(Beginning of Records provided)

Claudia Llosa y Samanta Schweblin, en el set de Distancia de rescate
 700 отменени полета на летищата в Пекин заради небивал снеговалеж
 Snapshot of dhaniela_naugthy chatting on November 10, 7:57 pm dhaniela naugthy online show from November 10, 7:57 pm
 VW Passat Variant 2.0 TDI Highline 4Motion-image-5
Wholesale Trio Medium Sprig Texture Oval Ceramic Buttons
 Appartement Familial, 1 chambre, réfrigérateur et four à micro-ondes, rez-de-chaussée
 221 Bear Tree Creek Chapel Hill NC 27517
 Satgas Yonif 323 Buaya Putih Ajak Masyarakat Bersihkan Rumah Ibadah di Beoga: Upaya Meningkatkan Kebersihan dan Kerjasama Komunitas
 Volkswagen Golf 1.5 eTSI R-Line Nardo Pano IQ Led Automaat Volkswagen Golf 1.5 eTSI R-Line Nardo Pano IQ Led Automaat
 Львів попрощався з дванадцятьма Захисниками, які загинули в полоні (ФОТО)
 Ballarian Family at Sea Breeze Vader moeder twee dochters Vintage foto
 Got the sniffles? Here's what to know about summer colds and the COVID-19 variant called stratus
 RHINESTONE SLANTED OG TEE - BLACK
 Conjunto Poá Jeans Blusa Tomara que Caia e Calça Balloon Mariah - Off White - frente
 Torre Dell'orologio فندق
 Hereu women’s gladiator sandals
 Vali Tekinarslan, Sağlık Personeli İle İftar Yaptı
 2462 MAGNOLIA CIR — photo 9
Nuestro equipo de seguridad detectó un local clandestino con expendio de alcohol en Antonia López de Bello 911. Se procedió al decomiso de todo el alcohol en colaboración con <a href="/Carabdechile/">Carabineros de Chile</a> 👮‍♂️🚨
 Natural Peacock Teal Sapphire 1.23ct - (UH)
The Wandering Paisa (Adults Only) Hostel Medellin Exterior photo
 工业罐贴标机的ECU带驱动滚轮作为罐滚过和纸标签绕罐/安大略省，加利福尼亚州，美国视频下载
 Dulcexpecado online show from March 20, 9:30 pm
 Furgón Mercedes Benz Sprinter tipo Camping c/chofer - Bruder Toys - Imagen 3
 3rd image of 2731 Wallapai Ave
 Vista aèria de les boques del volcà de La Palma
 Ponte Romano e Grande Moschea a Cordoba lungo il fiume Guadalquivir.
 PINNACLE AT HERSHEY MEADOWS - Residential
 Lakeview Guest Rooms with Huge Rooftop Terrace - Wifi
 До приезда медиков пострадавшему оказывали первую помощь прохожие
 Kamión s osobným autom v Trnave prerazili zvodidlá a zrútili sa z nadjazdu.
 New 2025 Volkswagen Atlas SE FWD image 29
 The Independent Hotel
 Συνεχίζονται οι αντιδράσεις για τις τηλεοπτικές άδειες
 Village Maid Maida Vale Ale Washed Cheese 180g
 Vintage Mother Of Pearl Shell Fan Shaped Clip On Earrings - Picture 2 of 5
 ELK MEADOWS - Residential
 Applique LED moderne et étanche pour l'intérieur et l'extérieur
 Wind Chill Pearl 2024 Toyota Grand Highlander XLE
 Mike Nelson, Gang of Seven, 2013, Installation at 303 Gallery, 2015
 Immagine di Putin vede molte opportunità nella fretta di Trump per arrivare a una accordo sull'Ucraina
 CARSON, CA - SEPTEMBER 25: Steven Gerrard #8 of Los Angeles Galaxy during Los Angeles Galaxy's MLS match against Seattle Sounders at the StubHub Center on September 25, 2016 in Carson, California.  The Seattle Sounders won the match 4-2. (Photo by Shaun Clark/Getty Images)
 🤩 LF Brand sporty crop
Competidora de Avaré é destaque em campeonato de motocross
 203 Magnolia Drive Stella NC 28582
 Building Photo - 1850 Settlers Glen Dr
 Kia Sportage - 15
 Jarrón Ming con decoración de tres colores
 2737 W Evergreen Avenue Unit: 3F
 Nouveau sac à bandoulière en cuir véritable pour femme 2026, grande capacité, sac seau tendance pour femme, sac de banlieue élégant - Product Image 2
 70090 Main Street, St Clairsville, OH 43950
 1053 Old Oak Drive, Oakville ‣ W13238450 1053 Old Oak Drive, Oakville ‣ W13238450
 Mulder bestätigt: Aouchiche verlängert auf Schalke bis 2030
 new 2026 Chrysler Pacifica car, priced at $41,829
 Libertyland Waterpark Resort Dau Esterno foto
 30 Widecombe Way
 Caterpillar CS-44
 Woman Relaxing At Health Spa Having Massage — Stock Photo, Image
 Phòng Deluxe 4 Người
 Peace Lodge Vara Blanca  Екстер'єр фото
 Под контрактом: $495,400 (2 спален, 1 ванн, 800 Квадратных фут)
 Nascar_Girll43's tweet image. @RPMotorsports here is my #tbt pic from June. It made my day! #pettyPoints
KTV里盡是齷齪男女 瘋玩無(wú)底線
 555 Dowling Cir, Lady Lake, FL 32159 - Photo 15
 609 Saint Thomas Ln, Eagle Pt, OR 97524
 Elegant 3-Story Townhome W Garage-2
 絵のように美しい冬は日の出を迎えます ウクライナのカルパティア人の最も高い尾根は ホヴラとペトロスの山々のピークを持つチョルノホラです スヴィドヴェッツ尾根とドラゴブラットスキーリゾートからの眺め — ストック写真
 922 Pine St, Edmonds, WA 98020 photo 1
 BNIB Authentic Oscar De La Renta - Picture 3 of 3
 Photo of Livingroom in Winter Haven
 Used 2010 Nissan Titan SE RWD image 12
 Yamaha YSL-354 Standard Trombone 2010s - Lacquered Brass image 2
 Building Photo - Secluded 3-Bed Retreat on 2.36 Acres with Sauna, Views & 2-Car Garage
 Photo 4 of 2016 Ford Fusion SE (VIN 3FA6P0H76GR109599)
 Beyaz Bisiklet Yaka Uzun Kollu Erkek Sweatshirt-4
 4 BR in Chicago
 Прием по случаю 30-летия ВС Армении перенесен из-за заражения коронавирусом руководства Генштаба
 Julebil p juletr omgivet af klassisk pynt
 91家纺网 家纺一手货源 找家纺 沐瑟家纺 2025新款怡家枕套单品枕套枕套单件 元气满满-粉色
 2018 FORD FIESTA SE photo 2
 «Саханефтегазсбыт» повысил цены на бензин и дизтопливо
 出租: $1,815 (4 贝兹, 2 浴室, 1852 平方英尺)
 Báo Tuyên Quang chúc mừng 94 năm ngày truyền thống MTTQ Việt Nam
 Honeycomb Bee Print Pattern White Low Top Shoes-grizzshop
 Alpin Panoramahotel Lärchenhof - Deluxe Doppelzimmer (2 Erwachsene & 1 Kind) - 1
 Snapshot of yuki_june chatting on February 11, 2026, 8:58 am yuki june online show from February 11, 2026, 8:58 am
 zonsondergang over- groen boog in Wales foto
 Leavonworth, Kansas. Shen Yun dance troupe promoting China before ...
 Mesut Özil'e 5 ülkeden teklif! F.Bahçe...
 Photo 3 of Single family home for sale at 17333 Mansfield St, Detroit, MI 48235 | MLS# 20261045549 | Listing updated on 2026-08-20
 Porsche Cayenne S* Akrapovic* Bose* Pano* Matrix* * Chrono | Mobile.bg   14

(End of Records provided)

**Assignment**
Using the data above, reproduce exactly the lines from the line that contains "Immagine di Putin" through the line that contains "new 2026 Chrysler", including both.

**Response below**
 Immagine di Putin vede molte opportunità nella fretta di Trump per arrivare a una accordo sull'Ucraina
 CARSON, CA - SEPTEMBER 25: Steven Gerrard #8 of Los Angeles Galaxy during Los Angeles Galaxy's MLS match against Seattle Sounders at the StubHub Center on September 25, 2016 in Carson, California.  The Seattle Sounders won the match 4-2. (Photo by Shaun Clark/Getty Images)
 🤩 LF Brand sporty crop
Competidora de Avaré é destaque em campeonato de motocross
 203 Magnolia Drive Stella NC 28582
 Building Photo - 1850 Settlers Glen Dr
 Kia Sportage - 15
 Jarrón Ming con decoración de tres colores
 2737 W Evergreen Avenue Unit: 3F
 Nouveau sac à bandoulière en cuir véritable pour femme 2026, grande capacité, sac seau tendance pour femme, sac de banlieue élégant - Product Image 2
 70090 Main Street, St Clairsville, OH 43950
 1053 Old Oak Drive, Oakville ‣ W13238450 1053 Old Oak Drive, Oakville ‣ W13238450
 Mulder bestätigt: Aouchiche verlängert auf Schalke bis 2030
 new 2026 Chrysler Pacifica car, priced at $41,829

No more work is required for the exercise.